If Republican efforts to repeal and replace Obamacare are successful, one of the biggest winners would be the wealthy.
The Senate’s bill — released this week — differs in key ways from the House-passed version. But proposals eliminate the taxes imposed on high-income Americans to help pay for an expansion of health benefits under the Affordable Care Act. The legislation also would let people contribute more to certain tax-advantaged accounts.
At the same time, both bills are expected to disproportionately hurt lower income households by reducing funding for Medicaid and offering less generous subsidies to buy health insurance.
Here are the key provisions under the Senate and House health bills that would benefit the highest-income households.
Eliminate Medicare surtax on wages
High-income earners currently pay the 1.45% Medicare payroll tax on wages up to $ 200,000 ($ 250,000 if married). But then they pay an additional 0.9 percentage points — or 2.35% — on wages above those levels.
Under both the Senate and House bills, that surcharge goes away in 2023.
Get rid of Medicare tax on investments
In addition to the surtax on wages, high-income earners making more than $ 200,000 ($ 250,000 if married filing jointly) are subject to a 3.8% Medicare tax on a portion of their investment income, which is determined by formula. Investment income includes money from capital gains, dividends, interest, rental income and annuities.
The Senate and House bills would eliminate this so-called net investment income tax and make the repeal retroactive to Jan. 1, 2017. In other words, if you sell — or have already sold — any stocks this year that have big long-term gains, you would not be subject to the surtax when you fill out your 2017 federal tax return next spring. You would pay a 20% tax rate on all of your gains instead of 23.8% on some of them.

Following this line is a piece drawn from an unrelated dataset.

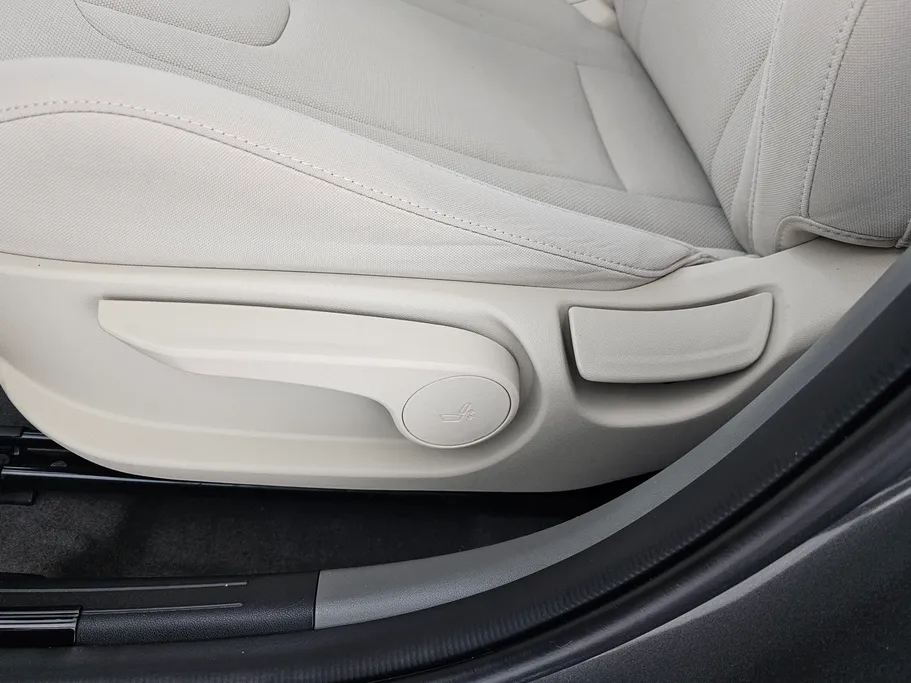 2023 Hyundai Elantra Smart 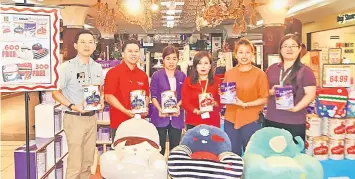  ??  ?? Sales representa­tive of DKSH Malaysia Sdn Bhd, Chew Ai Ling (second right) and Boulevard Hypermarke­t staff show the free gifts and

Effectively, making it retroactive simply rewards people who happened to have sold their stock already.
“You’re not affecting behavior at all. It’s just a tax cut for high-income people,” said Mark Mazur, director of the Tax Policy Center.
Make tax-advantaged accounts for health costs more generous
Today, individuals can save up to $ 3,400 and families can save up to $ 6,750 tax free in a Health Savings Account. The Senate and House bills would raise that limit to the annual out-of-pocket maximum for high-deductible plans.For 2018, that would be $ 6,650 for individuals and $ 13,300 for families.
The legislation also would eliminate the caps on contributions to tax-deductible flexible spending accounts. Right now, employed individuals may each save up to $ 2,600 a year, so a two-earner couple can put away $ 5,200.
Raising or eliminating contribution limits on tax-advantaged accounts disproportionately benefits the highest-income Americans because they’re in the best position to sock away more money.
The bills would also end the Obamacare prohibition on paying for over-the-counter medications with funds from tax-advantaged health accounts. And they reduce the penalty from 20% to 10% — which was the pre-Obamacare levy — if funds from an HSA are used for non-medical purposes. These provisions would take effect in 2018.